Но тут Кош Невмертич достал из внутреннего кармана фотографию. Мою фотографию. Я едва успела заметить это, как он спрятал ее.
– А вы? – сердце мое бешено забилось. – Как вы узнаете меня? Может, паролем будет…
– Не надо паролей, – перебил он, выпрямившись, и снова превратился в Ледяного принца, господина Холодного-насмешливого-ректора. – Вас, Краснова, я узнаю и без пароля.
– Да ладно, – пробормотала я недоверчиво, недовольная, что все эти секреты и явки нужны для меня-балбески, оказывается. А не для него.
– Я вас узнаю и с закрытыми глазами. Можете не сомневаться.
– И как узнаете? – шепотом спросила я.
Ректор смотрел на меня и молчал, а я ждала, замирая от предвкушения. Сейчас он скажет… что-нибудь такое, красивое скажет… Что-нибудь ужасно романтичное…
– Идите-ка на лекцию, Краснова, – сказал он, возвращая меня с небес на землю. – В вашей жизни ещё встретится уйма чудовищ и магов, желающих подпортить вам жизнь, но это не повод, отлынивать от учёбы.
Ну конечно, как будто Айсберг Невмертич мог сказать что-то другое.
– Уже пошла, – сказала я с отвращением. – И вам не кашлять.

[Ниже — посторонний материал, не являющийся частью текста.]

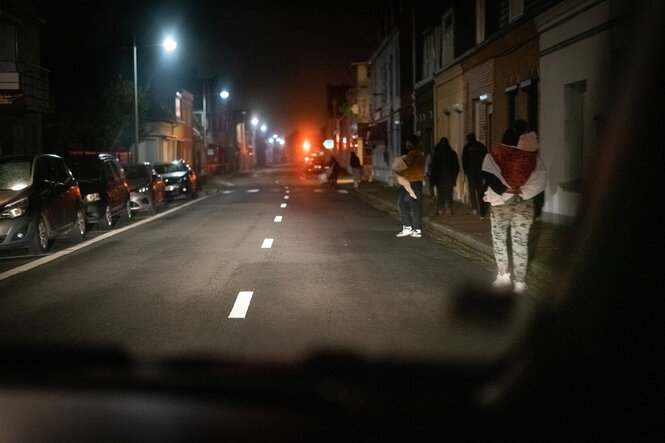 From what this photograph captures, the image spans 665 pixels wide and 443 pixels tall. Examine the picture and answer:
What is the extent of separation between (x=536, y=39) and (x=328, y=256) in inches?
362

Сейчас выйти и так хлопнуть дверью, чтобы все его драгоценные яйца вдрызг разлетелись!
– Василиса, – окликнул ректор, когда я была уже на пороге. – Ещё пара слов.
– Учиться и учиться? – хмуро поинтересовалась я.
– Нет, – он подошел ко мне, но не прикоснулся, хотя я очень этого ждала. – Что бы ни случилось, обещайте мне не повторить судьбы предыдущей жар-птицы.
– Вы о чем это? – возмутилась я. – Про самоубийство, что ли? Да я никогда…
Он прижал указательный палец к моим губам, и я замолчала, как по волшебству. Всё-таки, этот человек имел надо мной огромную власть. Мог попросить о чем угодно – и я бы сделала, не задумываясь. А он просил о такой ерунде.
– Что бы ни случилось, – повторил Кош Невмертич. – Потому что всё можно, пока жив. Потом уже – ничего не исправить. Запомните – всё можно, пока жив.
Какая-то глупость эти разговоры. Лучше бы поцеловал, что ли. Было бы больше пользы.
Я подождала, не услышу ли ещё чего-нибудь, но ректор убрал руку и приглашающее указал на дверь. Значит, всё. Разговоры закончены.
– Тогда я вам кое-что скажу, – заявила я, встряхнув волосами. – Не пару слов. Слов пятьдесят, наверное. Зохак, конечно, чудовище. И с Баюновым он себя повел, как убийца. И то, что он за мной охотится – мне совсем не нравится. Но вот что странно – только он слушал меня. И слышал. Вы понимаете, о чем я? Да, что он всё врал. Но он был рядом, когда вы партизанили, Кош Невмертич. Не надо партизанить. Переходите уже к рукопашному бою. А я… – тут я на секунду замялась, но решительно закончила: – Я уже говорила и ещё повторю. Я вас буду ждать, хоть десять лет. Даже если вы уйдете в глухое подполье. Но и мне хотелось бы знать, если я уже проиграла на любовном фронте.
Глаза у ректора по-кошачьи блеснули, губы дрогнули. Едва заметное движение по направлению ко мне, и снова остановка – будто он хотел броситься на меня, совсем как зохак, но в последний момент сдержался.
– Понял вас, Краснова, – произнес он сквозь зубы. – Вы не проиграли. Вы меня разбили наголову. Прикажете сдаваться в плен? На милость победительницы?
– Опять издеваетесь? – спросила я со вздохом. – Ладно, пока вы тут выбрасываете белый флаг, я на занятия.
Кош Невмертич не стал меня удерживать, а я не оглядывалась, но спиной чувствовала его взгляд.